There were only a handful of books that had the conceptual and application driven focus
we liked, and most of those were lacking in other aspects we cared about, like providing
students sufficient examples and practice of basic skills. The largest frustration, however,
was the never ending escalation of cost and being forced into new editions every three
years. We began researching open textbooks, however the ability for those books to be
adapted, remixed, or printed were often limited by the types of licenses, or didn’t
approach the material the way we wanted.
This book is available online for free, in both Word and PDF format. You are free to
change the wording, add materials and sections or take them away. We welcome
feedback, comments and suggestions for future development at
precalc@opentextbookstore.com. Additionally, if you add a section, chapter or problems,
we would love to hear from you and possibly add your materials so everyone can benefit.

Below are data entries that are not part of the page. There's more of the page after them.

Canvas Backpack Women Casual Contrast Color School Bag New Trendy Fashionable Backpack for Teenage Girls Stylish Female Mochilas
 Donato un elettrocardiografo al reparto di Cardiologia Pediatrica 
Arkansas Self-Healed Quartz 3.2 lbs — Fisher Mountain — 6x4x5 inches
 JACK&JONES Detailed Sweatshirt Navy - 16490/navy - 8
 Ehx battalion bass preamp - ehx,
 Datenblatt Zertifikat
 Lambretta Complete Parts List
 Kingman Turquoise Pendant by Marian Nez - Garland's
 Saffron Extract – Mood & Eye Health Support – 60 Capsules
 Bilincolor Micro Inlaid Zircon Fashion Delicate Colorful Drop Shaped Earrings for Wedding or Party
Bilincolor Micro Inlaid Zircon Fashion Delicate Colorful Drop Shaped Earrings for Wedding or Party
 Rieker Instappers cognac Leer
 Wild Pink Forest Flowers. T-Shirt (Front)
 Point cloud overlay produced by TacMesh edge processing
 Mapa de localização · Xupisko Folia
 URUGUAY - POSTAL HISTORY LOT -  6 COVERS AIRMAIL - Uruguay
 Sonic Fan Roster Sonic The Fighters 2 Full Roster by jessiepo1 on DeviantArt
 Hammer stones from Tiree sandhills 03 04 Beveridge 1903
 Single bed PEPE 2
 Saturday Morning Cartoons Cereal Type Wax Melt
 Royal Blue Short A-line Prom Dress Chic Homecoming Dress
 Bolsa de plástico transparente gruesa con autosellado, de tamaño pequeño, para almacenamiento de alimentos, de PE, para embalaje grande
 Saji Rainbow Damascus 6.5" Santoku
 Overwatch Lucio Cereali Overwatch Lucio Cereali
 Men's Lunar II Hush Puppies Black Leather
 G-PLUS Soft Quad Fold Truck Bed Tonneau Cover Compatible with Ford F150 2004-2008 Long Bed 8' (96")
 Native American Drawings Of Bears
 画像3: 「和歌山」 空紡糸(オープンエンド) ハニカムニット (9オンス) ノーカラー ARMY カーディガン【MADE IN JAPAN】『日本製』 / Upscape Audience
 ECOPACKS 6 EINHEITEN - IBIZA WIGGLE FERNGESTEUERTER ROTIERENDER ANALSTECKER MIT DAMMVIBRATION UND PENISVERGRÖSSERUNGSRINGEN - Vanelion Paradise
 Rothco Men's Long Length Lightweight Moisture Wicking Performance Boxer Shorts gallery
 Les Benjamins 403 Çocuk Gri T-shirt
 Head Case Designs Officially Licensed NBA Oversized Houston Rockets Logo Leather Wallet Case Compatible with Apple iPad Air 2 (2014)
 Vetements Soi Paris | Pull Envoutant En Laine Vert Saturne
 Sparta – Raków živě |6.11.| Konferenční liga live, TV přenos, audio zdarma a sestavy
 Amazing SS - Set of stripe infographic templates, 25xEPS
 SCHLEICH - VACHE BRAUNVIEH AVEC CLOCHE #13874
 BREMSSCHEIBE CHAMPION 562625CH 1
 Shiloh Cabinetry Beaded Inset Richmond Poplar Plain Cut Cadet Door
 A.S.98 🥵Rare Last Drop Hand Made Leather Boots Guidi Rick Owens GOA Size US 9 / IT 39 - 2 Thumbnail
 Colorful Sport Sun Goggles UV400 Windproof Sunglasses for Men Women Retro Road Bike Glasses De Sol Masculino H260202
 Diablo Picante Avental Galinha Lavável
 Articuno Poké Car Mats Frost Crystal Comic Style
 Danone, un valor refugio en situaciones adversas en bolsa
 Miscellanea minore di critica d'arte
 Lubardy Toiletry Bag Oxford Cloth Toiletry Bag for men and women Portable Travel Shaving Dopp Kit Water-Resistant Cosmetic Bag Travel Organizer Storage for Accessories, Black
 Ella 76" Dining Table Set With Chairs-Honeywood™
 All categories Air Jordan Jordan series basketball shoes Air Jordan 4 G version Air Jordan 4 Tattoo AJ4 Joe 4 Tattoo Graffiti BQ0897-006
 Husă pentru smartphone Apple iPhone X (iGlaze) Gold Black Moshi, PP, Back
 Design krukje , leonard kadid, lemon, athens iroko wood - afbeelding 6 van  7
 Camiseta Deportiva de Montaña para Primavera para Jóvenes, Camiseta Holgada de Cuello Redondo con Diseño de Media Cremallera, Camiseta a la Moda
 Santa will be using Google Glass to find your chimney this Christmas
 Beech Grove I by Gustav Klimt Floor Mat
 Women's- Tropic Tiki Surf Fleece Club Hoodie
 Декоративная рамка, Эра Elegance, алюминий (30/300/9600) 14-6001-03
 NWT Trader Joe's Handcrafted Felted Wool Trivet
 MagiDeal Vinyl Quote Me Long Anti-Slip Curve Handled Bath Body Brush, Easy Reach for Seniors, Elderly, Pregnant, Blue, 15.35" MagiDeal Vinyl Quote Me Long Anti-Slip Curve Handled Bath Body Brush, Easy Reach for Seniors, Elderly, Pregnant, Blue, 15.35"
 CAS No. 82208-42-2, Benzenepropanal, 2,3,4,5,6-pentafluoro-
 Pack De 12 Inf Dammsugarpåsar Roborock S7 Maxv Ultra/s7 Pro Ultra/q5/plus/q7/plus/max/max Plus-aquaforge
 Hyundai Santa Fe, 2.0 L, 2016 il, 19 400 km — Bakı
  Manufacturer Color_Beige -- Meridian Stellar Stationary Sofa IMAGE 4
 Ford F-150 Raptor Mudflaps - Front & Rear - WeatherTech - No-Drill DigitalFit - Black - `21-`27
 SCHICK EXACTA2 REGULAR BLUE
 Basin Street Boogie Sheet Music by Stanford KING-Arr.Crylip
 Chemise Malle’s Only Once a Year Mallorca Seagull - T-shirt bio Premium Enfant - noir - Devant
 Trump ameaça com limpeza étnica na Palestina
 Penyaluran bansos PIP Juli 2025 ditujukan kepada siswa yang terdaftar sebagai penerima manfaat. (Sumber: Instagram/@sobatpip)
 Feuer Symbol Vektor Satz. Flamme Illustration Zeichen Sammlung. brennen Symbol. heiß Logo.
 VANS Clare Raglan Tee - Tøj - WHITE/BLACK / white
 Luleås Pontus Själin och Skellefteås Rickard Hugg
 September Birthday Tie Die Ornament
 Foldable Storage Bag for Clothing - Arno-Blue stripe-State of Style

In writing this book, our focus was on the story of functions. We begin with function
notation, a basic toolkit of functions, and the basic operation with functions: composition
and transformation. Building from these basic functions, as each new family of functions
is introduced we explore the important features of the function: its graph, domain and
range, intercepts, and asymptotes. The exploration then moves to evaluating and solving
equations involving the function, finding inverses, and culminates with modeling using
the function.
The "rule of four" is integrated throughout - looking at the functions verbally,
graphically, numerically, as well as algebraically. We feel that using the “rule of four”
gives students the tools they need to approach new problems from various angles. Often
the “story problems of life” do not always come packaged in a neat equation. Being able
to think critically, see the parts and build a table or graph a trend, helps us change the
words into meaningful and measurable functions that model the world around us.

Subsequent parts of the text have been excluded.